Maehara’s task as new Democratic Party leader

Seiji Maehara, who defeated Yukio Edano in the Democratic Party’s latest leadership election, faces the daunting task of regaining voter support for the No. 1 opposition force — something no one has been able to do since its predecessor was swept out of power in 2012. To accomplish this herculean task, Maehara needs to set a clear direction for the party by uniting its ranks — which have been marked by internal divisions ever since the Democratic Party of Japan was briefly at the helm of government.

Maehara takes over from the outgoing chief Renho just as the party stands at a critical juncture. The leadership race was overshadowed by the moves of one DP lawmaker after another to leave the party in recent months — including former deputy party chief Goshi Hosono, who quit just as the party was about to choose a new leader — and their possible tie-up with a national party being contemplated by Tokyo Gov. Yuriko Koike. Speculation lingers that more DP lawmakers are waiting for a chance to leave the party to possibly join forces with the popular governor’s new party.

The DP’s dismal performance in the Tokyo Metropolitan Assembly election in early August, which forced Renho to quit as party chief after less than a year in the position, was preceded by the desertion of more than a dozen candidates tapped to run in the race on the party’s ticket. Popular support for the opposition leader remains sluggish in media polls, which has not gone up even as support for the administration of Prime Minister Shinzo Abe has plunged — evidence that the DP is not seen by voters as a viable alternative to Abe’s Liberal Democratic Party-led ruling coalition.

It won’t be an easy job to quickly reverse the situation. The DP under the new leader will face its first test at the polls in the Lower House by-elections to be held in Aomori, Niigata and Ehime constituencies on Oct. 22 to fill the vacancies left by the death of LDP incumbents.

However, lack of progress in the talks between the DP and the Japanese Communist Party for campaign coordination to avoid competing with each other clouds the prospect of an opposition upset in the by-elections.

Campaign cooperation with the JCP was one of the key issues that divided Maehara and Edano in the DP leadership race. The DP’s cooperation with other opposition forces, in particular the JCP, in the last Upper House election in July 2016 was a partial success — after agreeing on a single candidate in each of the crucial electoral districts, the opposition forces managed to put a dent in the ruling coalition’s sweep of the seats contested.

Talks with the JCP on similar campaign coordination for the by-elections, however, have stalled as the DP entered the leadership race with Renho’s resignation last month. During the party race, Edano advocated the cooperation with the JCP as an effective step to boost the DP’s prospect in elections, Maehara was more negative, saying that the DP cannot work with other parties with which it differs on basic ideas and policies.

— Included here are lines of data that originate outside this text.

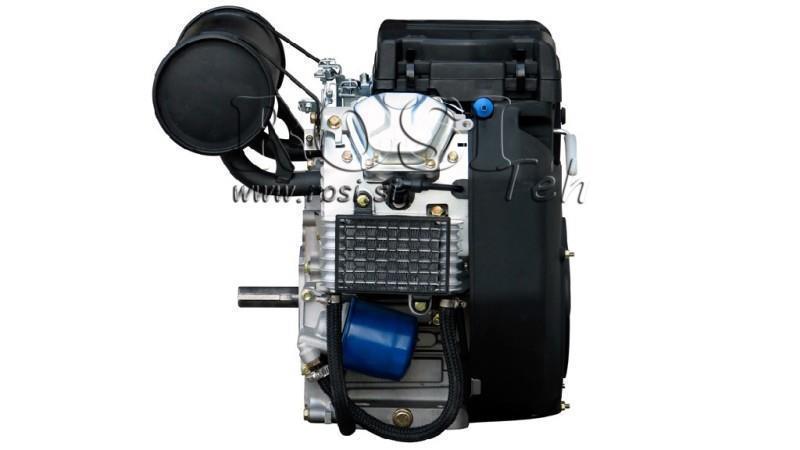 benzínový motor 614cc-14.9kW-3,600 RPM-E-KW25.4x72-elektrické štartovanie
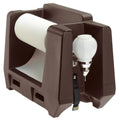 Dark Brown Paper Towel Roll Holder T7507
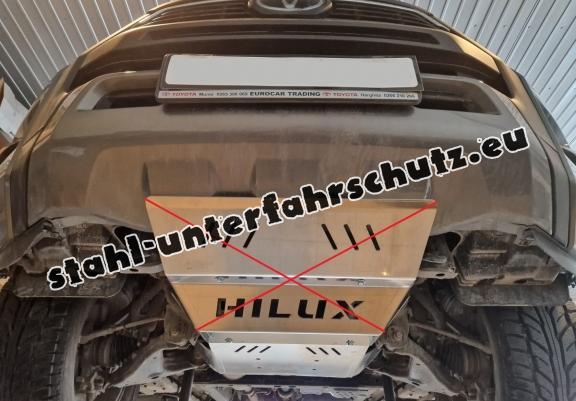 Aluminium Unterfahrschutz für Motor der Marke Toyota Hilux Revo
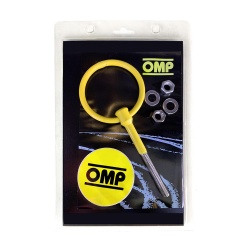 OMP 80mm FIA Stainless Tow Eye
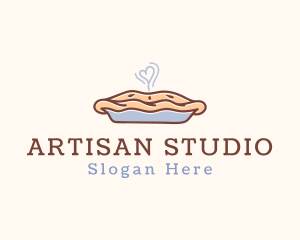 Sweet Baked Pie logo design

Maehara and Edano also appeared to differ on how the DP should position itself vis-a-vis the new force being planned by Koike. While Maehara said he would make a judgment on Koike’s party when its policy ideas become known — leaving room for the DP partnering with Koike in the future — Edano took a more skeptical stance, noting that Koike’s planned party will likely end up supporting the LDP.

Many of the differences between Maehara and Edano during the race appeared to run along the party’s factional lines, with Maehara mainly supported by its conservative ranks, of whom he is a leading member, and Edano backed by the DP’s more liberal groups. The first job for the new DP chief would be to bridge the gap among its members that was exposed in the race and set a clear direction in which the party’s lawmakers can rally behind the new leader.

That would certainly not be easy — given what the party has experienced both when it was in power and as it struggled to rebuild support as leader of the opposition camp. But that seems to be the only way for the party to overcome its identity crisis. Either way the party is going, it will need to hold its own. Otherwise the DP may find itself drowned in yet another wave of political regrouping.